Tutorial

Astro Deep Dive: Content Collections — Schema, Querying, and Type-Safe MDX

Your blog has 50 posts and a typo in one date field blows up the whole page. Content Collections catch schema violations at build time — before your readers do. This post covers the Content Layer API, Zod schemas, dynamic routes, and image validation.

Tin Dang April 10, 2026 11 min read

Structured data flowing through validation gates into a type-safe content pipeline

Your blog has 50 posts. One has a date field that reads "Aprll 10" instead of a proper date. Another is missing its required tags array entirely. A third references hero-iamge.jpg — a file that does not exist. You discover none of this until a reader reports a broken page in production.

Content Collections prevent all three failures. Every field in every content file is validated against a Zod schema at build time. A typo in a date? Build fails. Missing tag array? Build fails. A hero image pointing to a file that is not on disk? Build fails — before your readers ever see the damage.

In Part 1 we scaffolded the project. In Part 2 we wired up islands for interactivity. Now we build the content layer that makes the whole thing worth deploying.

The Content Layer API

Astro 5 replaced the legacy content system with the Content Layer API. The old approach relied on magic directories and implicit conventions. The new system is explicit: you define collections with loaders, validate with Zod schemas, and query with type-safe functions.

The single source of truth is src/content.config.ts. Not src/content/config.ts (that was Astro 4). Not a contentlayer.config.ts.
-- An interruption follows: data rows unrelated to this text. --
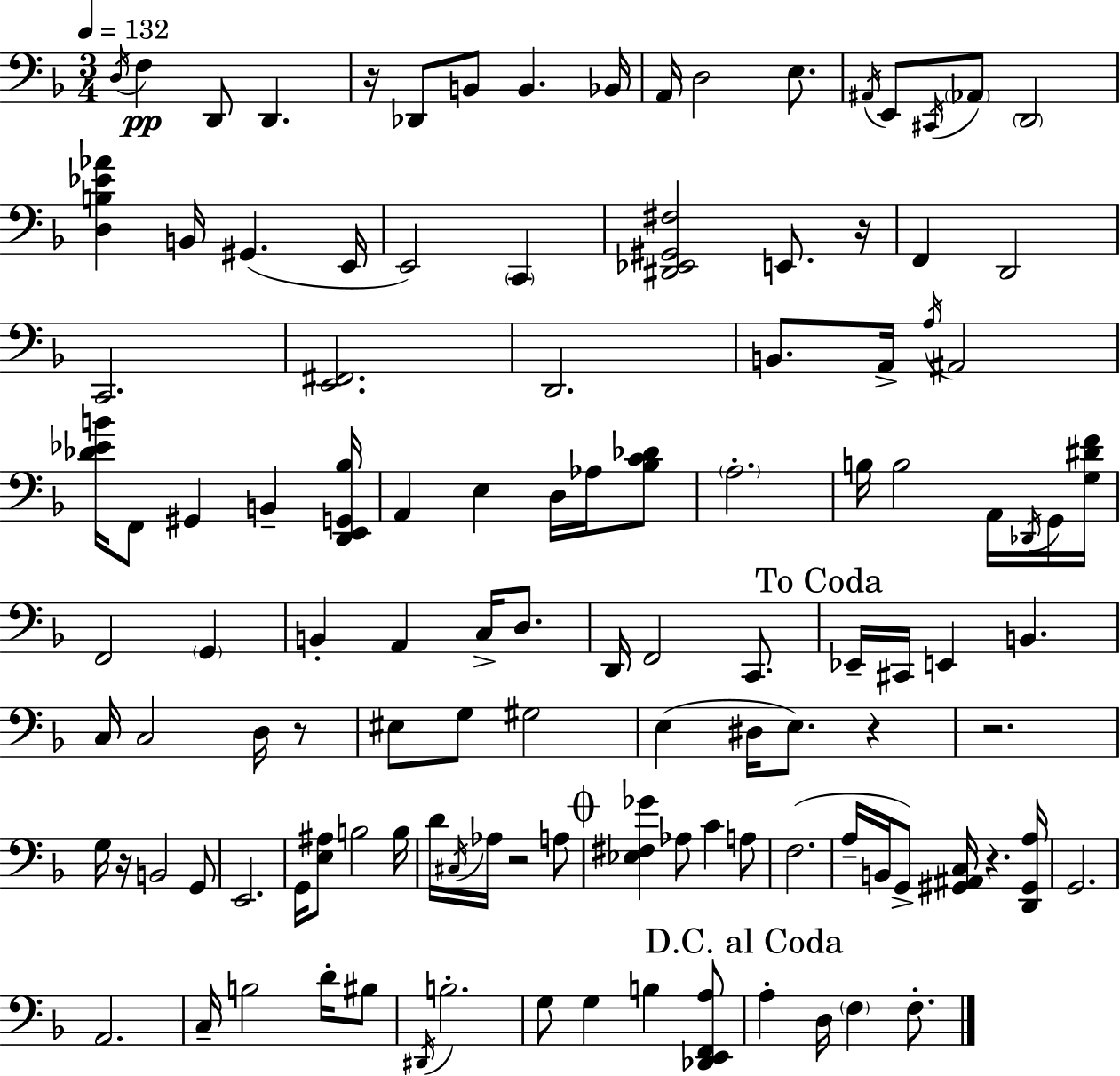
D3/s F3/q D2/e D2/q. R/s Db2/e B2/e B2/q. Bb2/s A2/s D3/h E3/e. A#2/s E2/e C#2/s Ab2/e D2/h [D3,B3,Eb4,Ab4]/q B2/s G#2/q. E2/s E2/h C2/q [D#2,Eb2,G#2,F#3]/h E2/e. R/s F2/q D2/h C2/h. [E2,F#2]/h. D2/h. B2/e. A2/s A3/s A#2/h [Db4,Eb4,B4]/s F2/e G#2/q B2/q [D2,E2,G2,Bb3]/s A2/q E3/q D3/s Ab3/s [Bb3,C4,Db4]/e A3/h. B3/s B3/h A2/s Db2/s G2/s [G3,D#4,F4]/s F2/h G2/q B2/q A2/q C3/s D3/e. D2/s F2/h C2/e. Eb2/s C#2/s E2/q B2/q. C3/s C3/h D3/s R/e EIS3/e G3/e G#3/h E3/q D#3/s E3/e. R/q R/h. G3/s R/s B2/h G2/e E2/h. G2/s [E3,A#3]/e B3/h B3/s D4/s C#3/s Ab3/s R/h A3/e [Eb3,F#3,Gb4]/q Ab3/e C4/q A3/e F3/h. A3/s B2/s G2/e [G#2,A#2,C3]/s R/q. [D2,G#2,A3]/s G2/h. A2/h. C3/s B3/h D4/s BIS3/e D#2/s B3/h. G3/e G3/q B3/q [Db2,E2,F2,A3]/e A3/q D3/s F3/q F3/e.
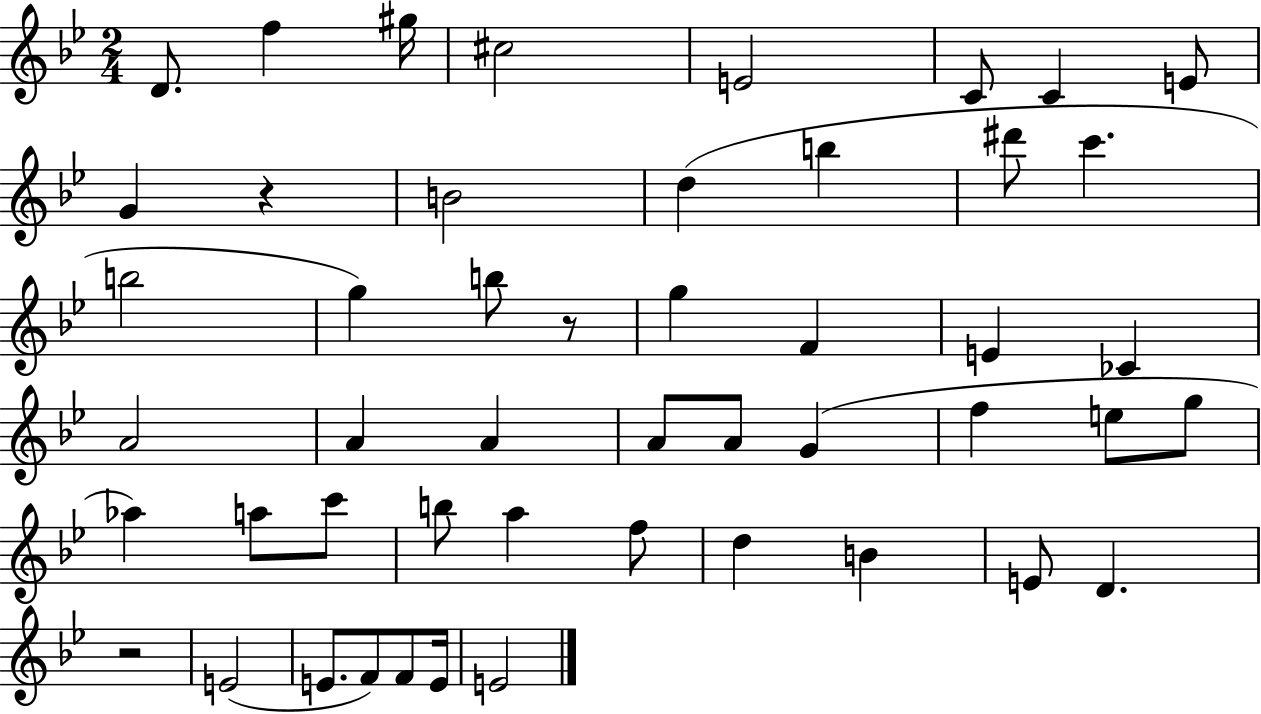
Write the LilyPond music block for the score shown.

{
  \clef treble
  \numericTimeSignature
  \time 2/4
  \key bes \major
  d'8. f''4 gis''16 | cis''2 | e'2 | c'8 c'4 e'8 | \break g'4 r4 | b'2 | d''4( b''4 | dis'''8 c'''4. | \break b''2 | g''4) b''8 r8 | g''4 f'4 | e'4 ces'4 | \break a'2 | a'4 a'4 | a'8 a'8 g'4( | f''4 e''8 g''8 | \break aes''4) a''8 c'''8 | b''8 a''4 f''8 | d''4 b'4 | e'8 d'4. | \break r2 | e'2( | e'8. f'8) f'8 e'16 | e'2 | \break \bar "|."
}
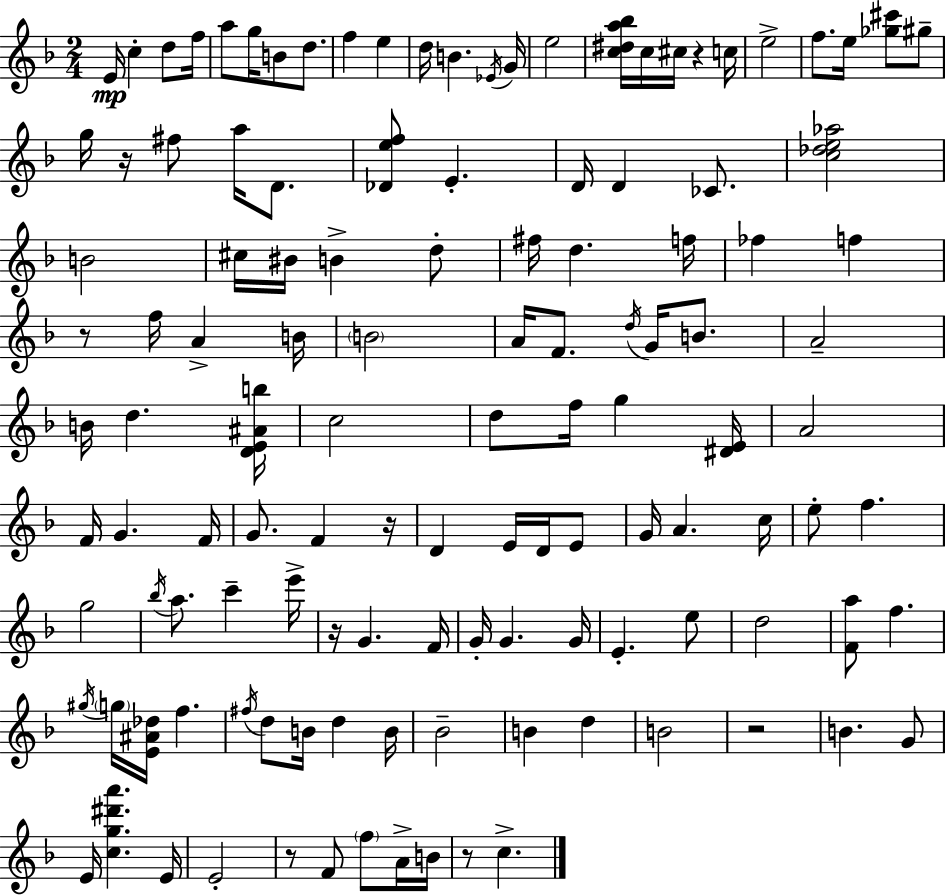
E4/s C5/q D5/e F5/s A5/e G5/s B4/e D5/e. F5/q E5/q D5/s B4/q. Eb4/s G4/s E5/h [C5,D#5,A5,Bb5]/s C5/s C#5/s R/q C5/s E5/h F5/e. E5/s [Gb5,C#6]/e G#5/e G5/s R/s F#5/e A5/s D4/e. [Db4,E5,F5]/e E4/q. D4/s D4/q CES4/e. [C5,Db5,E5,Ab5]/h B4/h C#5/s BIS4/s B4/q D5/e F#5/s D5/q. F5/s FES5/q F5/q R/e F5/s A4/q B4/s B4/h A4/s F4/e. D5/s G4/s B4/e. A4/h B4/s D5/q. [D4,E4,A#4,B5]/s C5/h D5/e F5/s G5/q [D#4,E4]/s A4/h F4/s G4/q. F4/s G4/e. F4/q R/s D4/q E4/s D4/s E4/e G4/s A4/q. C5/s E5/e F5/q. G5/h Bb5/s A5/e. C6/q E6/s R/s G4/q. F4/s G4/s G4/q. G4/s E4/q. E5/e D5/h [F4,A5]/e F5/q. G#5/s G5/s [E4,A#4,Db5]/s F5/q. F#5/s D5/e B4/s D5/q B4/s Bb4/h B4/q D5/q B4/h R/h B4/q. G4/e E4/s [C5,G5,D#6,A6]/q. E4/s E4/h R/e F4/e F5/e A4/s B4/s R/e C5/q.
One file, one schema definition, full TypeScript inference.

Defining Collections

A collection needs two things: a loader that tells Astro where to find files, and a schema that tells Astro what shape the data must have.

Here is the blog collection from Blogcraft:

import { defineCollection, z } from 'astro:content';
import { glob } from 'astro/loaders';

const blog = defineCollection({
  loader: glob({ pattern: '**/*.mdx', base: './src/content/blog' }),
  schema: ({ image }) => z.object({
    title: z.string().max(100),
    description: z.string().max(300),
    pubDate: z.coerce.date(),
    updatedDate: z.coerce.date().optional(),
    heroImage: image(),
    heroAlt: z.string(),
    author: z.string().default('default'),
    tags: z.array(z.string()),
    category: z.enum([
      'engineering', 'architecture', 'data', 'devops',
      'ai-ml', 'rust', 'frontend', 'tutorial'
    ]),
    draft: z.boolean().default(false),
    featured: z.boolean().default(false),
    series: z.object({
      slug: z.string(),
      order: z.number(),
    }).optional(),
    toc: z.boolean().default(true),
    readingTime: z.number().optional(),
  }),
});

Every piece of this schema earns its place. z.string().max(100) on the title prevents runaway SEO titles. z.coerce.date() accepts both 2026-04-10 and "2026-04-10T00:00:00Z" — it coerces the string to a Date object. z.enum() on category restricts values to a known set, so a typo like "tutoral" fails the build instead of silently creating an uncategorized post.

The image() helper deserves special attention.

Image Validation with image()

The image() function is not a standard Zod type. It is an Astro-provided schema helper passed through the destructured { image } parameter in the schema function. It does two things no regular z.string() can:

Validates the file exists at build time. If your frontmatter says heroImage: ../../assets/images/heroes/missing.jpg and that file is not on disk, the build fails immediately with a clear error pointing to the exact file and field.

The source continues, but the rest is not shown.